Here I am, January 31st, squeezing in the cookbook of the month post! It’s been a busy, but good month. It only seems appropriate that the cookbook of the month be Louisa Shafia’s “Lucid Food: Cooking for an Eco-Conscious Life,” as so many of the recipes from my cleanse (which pretty much consumed the first two weeks of my January) came from it. In fact, this is probably the single cookbook that I own that I’ve cooked the most recipes from, coming in at a total of 12 I’ve tried in the year that I’ve owned the book. For someone who usually bookmarks 20 recipes per cookbook and then makes one, maybe two of those 20, this feels like quite an accomplishment. Maybe it’s because it’s lightweight and paperback and easy to tote back and forth to the kitchen, or maybe it’s because the recipes are consistently healthy and intriguing, but for whatever reason I keep coming back to this book.
That’s not to say that this book has the best recipes I’ve encountered – in fact, I would say that in general the recipes in Lucid Food are solid but not mind-blowing. Which is a little disappointing, as I really want to love this book. This is one of two cookbooks I ordered as a present for myself to celebrate accepting my job offer last spring (I know, I really live it up, right?) I had flipped through this in a bookstore and was intrigued by both the recipes (all of which were unique and fresh) and the theme that ties the book together – that living and eating eco-consciously can be easy and delicious, while still helping the environment. Truth be told, I’m not one of the “greenest” people out there, and I don’t think I’ll ever be an extremist of any sort, but I do think that there are great benefits to eating in season as much as possible, even if only because it makes our food taste better. So I like this book a lot in theory, and am repeatedly drawn to the style of eating – hearty grains, roasted veggies, interesting and flavorful sauces – but in practice the quality of the recipes is inconsistent. Examples? I’ve tried the raw kale and avocado salad and absolutely loved it, but the roasted fennel with cranberries and chestnuts didn’t do it for me. Also good were the indian spiced scrambled eggs with cilantro-jalapeno sauce, and gold beet barley risotto, but the indonesian corn fritters and grape and ginger chicken were mediocre. I’ve also tried the apple pomegranate sangria, the nutty banana shake, the green smoothie, and the rhubarb and pistachio yogurt, with mixed results. Still, I’ve found a few favorites in this book, and I still have a dozen or so recipes I’ve bookmarked to try, so it’s definitely a book that I consider worth having – it’s just not perfect.
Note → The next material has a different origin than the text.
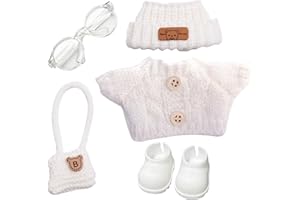 ZXTGBQ Bekleidung für 17cm Labu Plüsch, Kuscheltier Kleidung Outfit nur Bekleidungs Zubehör, Kleidung für 17 cm Puppe, DIY Kinder Geschenke (Weiß)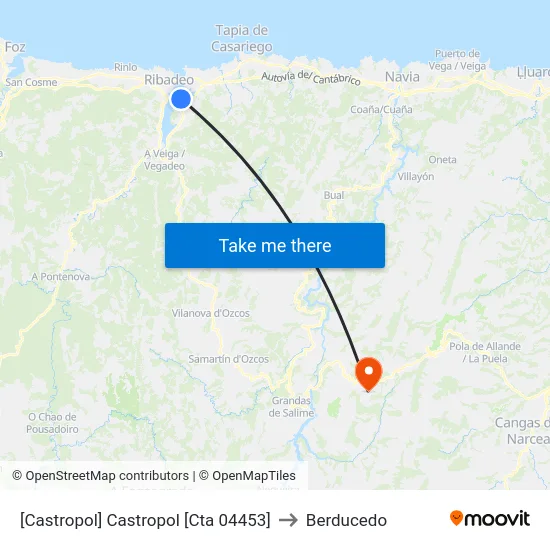 [Castropol]  Castropol [Cta 04453] to Berducedo map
One recipe from this book that truly is a gem is this recipe for new potato, egg, and green olive pesto salad. I actually had this on my list of posts for this past summer, as it’s perfect picnic food, but I kept making it and eating it all before I got a chance to take pictures. The fact that my friends with whom I shared this on my summer picnics loved it so much that I never had leftovers to bring home didn’t help the photo-taking aspect either. When I was flipping through Lucid Food the other day though, noting which recipes I’d tried and which ones were on my short list, I realized that this recipe really doesn’t have any ingredients that are particularly seasonal – olives, potatoes, eggs, walnuts, celery… they’re all either available year round or you really can’t get them locally in the Northeast, so I figured I’d share my favorite recipe from the book even though it’s lighter, summery fare and we’re in the middle of the winter. It’s been a mild winter anyway – I got a sunburn visiting DC last weekend. Maybe I’ll even take this on a winter picnic.
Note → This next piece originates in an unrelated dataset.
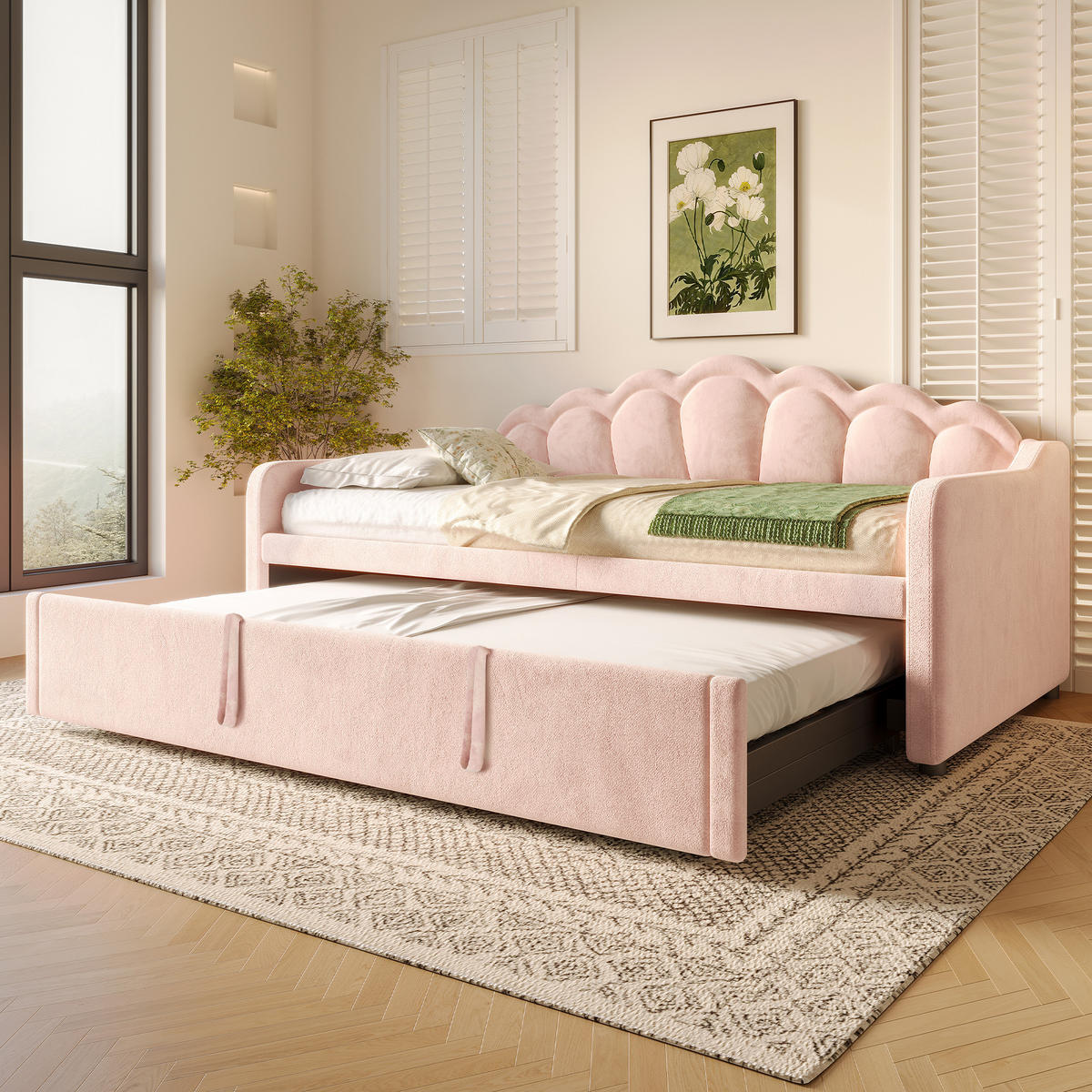 DAYBETT 90/180x200 cm LED rosa - Rosa, Textil (180/200cm) - Fortuna Lai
Eggs and New Potatoes with Green Olive Pesto
Adapted slightly from Lucid Food. Serves 3.
- 6 eggs
- 1 TBS white vinegar
- salt and pepper
- 1 1/2 c. cubed new potatoes
- 1/4 c. packed fresh parsley leaves
- 3 anchovy filets
- 6-10 green olives, pitted
- 1/4 c. walnuts
- 1 TBS lemon juice
- 3 TBS olive oil
- 1 large celery stalks, trimmed and cut into small cubes
- Make the pesto: combine parsley, anchovies, olives, walnuts, and lemon juice in a food processor and pulse until coarsely chopped. Add olive oil (in a drizzle while food processor is running if you have a food processor that does that, otherwise all at once) and process until pesto is uniform in texture but not completely smooth.
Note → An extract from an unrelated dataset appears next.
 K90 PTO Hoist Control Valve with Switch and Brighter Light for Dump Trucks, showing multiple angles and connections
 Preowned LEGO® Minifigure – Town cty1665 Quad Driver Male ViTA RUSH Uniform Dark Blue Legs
- In a small saucepan, cover eggs with cold water, add vinegar and a generous dash of salt, and bring to a boil over medium-high heat. Cover pot, reduce to a simmer, and simmer for 1 minute, then turn heat off and let pot sit, covered, for 15 minutes. Drain hot water off eggs and rinse under cold water until cool enough to handle, then peel, discarding shells, and chop hard-boiled eggs into small pieces. Add to a large bowl.
- Cover the potato cubes with cold water and add a dash of salt, then bring to a boil over medium heat. Reduce heat to a simmer, cover, and simmer for 3-4 minutes, until potatoes are tender. Drain and toss with eggs. Add celery pieces and pesto to bowl and toss together. Serve at room temperature or cold. Keeps for 2-3 days in fridge.